In the data that follows, every line containing the word "Gift" should be returned.
# # #
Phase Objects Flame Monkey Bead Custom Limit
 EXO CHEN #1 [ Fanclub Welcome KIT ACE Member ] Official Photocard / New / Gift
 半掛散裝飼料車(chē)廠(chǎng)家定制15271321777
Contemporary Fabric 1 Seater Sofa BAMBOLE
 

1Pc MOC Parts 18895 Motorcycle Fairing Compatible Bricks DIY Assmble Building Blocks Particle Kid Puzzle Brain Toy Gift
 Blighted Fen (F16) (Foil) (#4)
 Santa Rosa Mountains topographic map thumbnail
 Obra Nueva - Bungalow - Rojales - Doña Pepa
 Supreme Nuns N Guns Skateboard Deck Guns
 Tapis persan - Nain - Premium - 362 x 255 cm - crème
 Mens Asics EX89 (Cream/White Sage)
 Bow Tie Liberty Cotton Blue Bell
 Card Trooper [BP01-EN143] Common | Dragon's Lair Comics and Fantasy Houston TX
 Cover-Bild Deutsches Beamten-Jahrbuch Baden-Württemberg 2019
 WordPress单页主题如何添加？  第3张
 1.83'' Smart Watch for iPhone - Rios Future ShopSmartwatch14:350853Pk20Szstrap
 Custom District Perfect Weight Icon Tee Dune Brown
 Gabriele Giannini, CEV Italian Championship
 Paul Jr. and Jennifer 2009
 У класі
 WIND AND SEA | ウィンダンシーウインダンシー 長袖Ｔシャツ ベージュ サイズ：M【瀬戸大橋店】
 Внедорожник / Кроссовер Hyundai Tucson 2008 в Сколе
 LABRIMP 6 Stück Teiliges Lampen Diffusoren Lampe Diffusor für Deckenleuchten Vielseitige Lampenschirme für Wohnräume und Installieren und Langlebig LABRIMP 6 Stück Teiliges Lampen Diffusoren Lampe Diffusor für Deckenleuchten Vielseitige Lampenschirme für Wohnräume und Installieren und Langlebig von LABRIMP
# # #
◆ Response below
 EXO CHEN #1 [ Fanclub Welcome KIT ACE Member ] Official Photocard / New / Gift
1Pc MOC Parts 18895 Motorcycle Fairing Compatible Bricks DIY Assmble Building Blocks Particle Kid Puzzle Brain Toy Gift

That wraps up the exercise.